### Material to process
- - - -
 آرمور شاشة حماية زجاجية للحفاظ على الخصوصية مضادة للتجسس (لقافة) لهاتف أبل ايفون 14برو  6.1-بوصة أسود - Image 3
- - - -
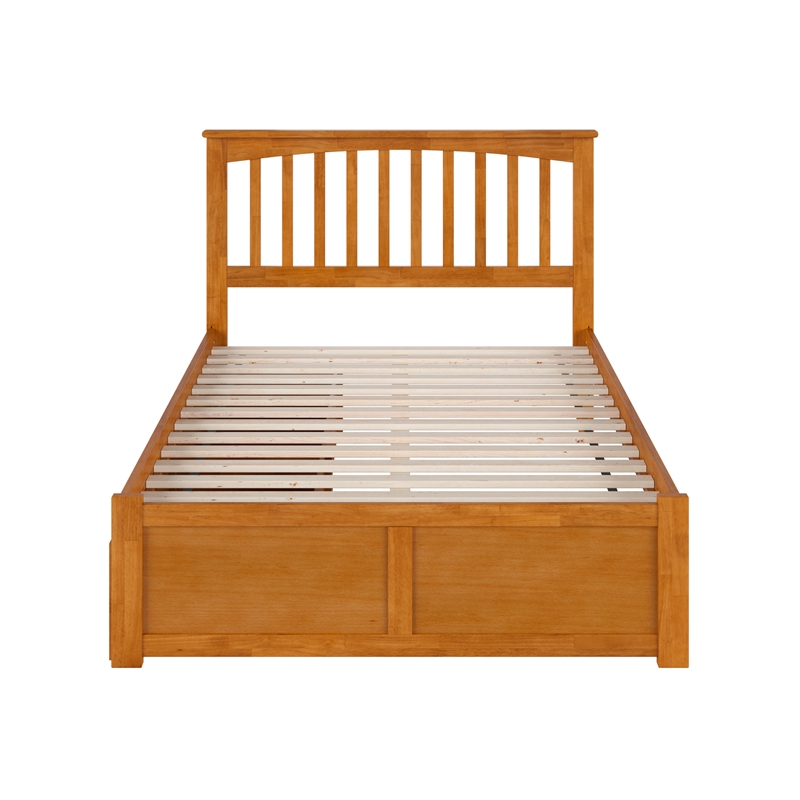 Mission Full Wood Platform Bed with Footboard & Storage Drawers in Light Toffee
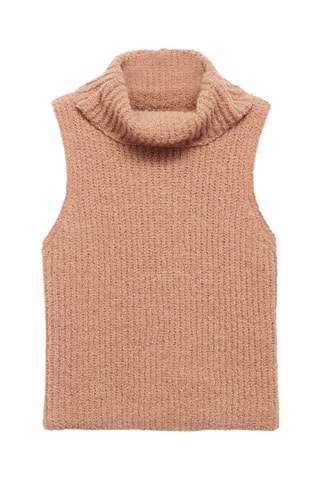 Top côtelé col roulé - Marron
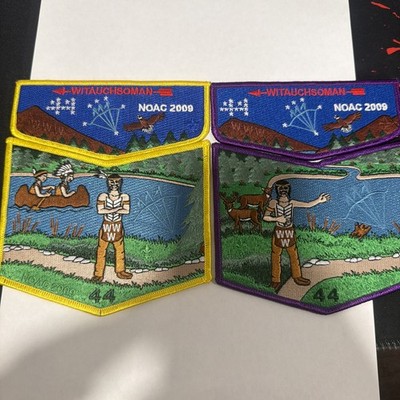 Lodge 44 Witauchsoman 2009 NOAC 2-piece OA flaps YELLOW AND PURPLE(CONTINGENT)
- - - -
### Task to complete
In the entries above, which lines run from the one with "Top côtelé col roulé - Marron" up to and including the one with "Lodge 44 Witauchsoman"? Write them out exactly, without the pictures.

### Your solution
 Top côtelé col roulé - Marron
 Lodge 44 Witauchsoman 2009 NOAC 2-piece OA flaps YELLOW AND PURPLE(CONTINGENT)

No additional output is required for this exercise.